## [TRY IT]
Below are the entries. Transcribe exactly the lines from the one with "Türkiye 150 tırlık" through the one with "من المطار إلى", ends included, and leave out all others.

## [SUPPLIED RECORDS]

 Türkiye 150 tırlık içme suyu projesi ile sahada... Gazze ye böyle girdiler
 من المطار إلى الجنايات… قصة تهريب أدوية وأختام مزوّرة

---

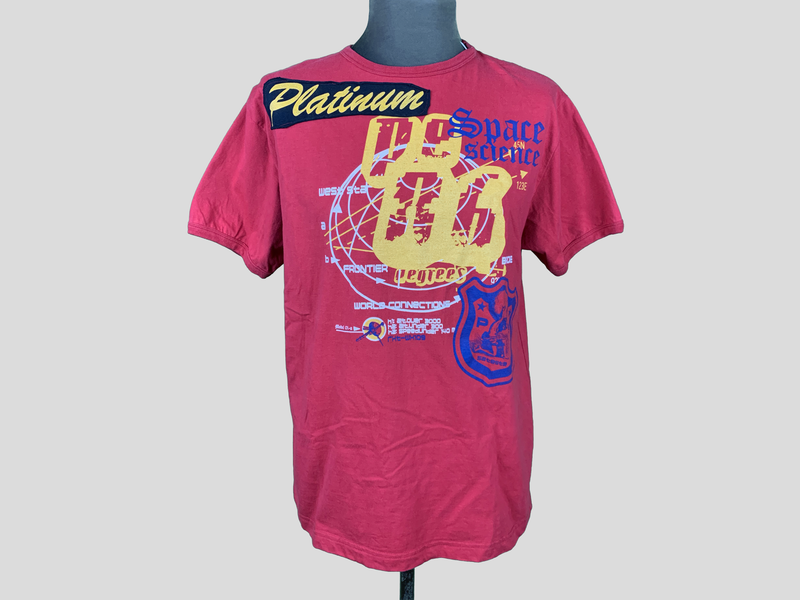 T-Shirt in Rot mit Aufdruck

## [ANSWER FOR THIS EXERCISE]
 Türkiye 150 tırlık içme suyu projesi ile sahada... Gazze ye böyle girdiler
 من المطار إلى الجنايات… قصة تهريب أدوية وأختام مزوّرة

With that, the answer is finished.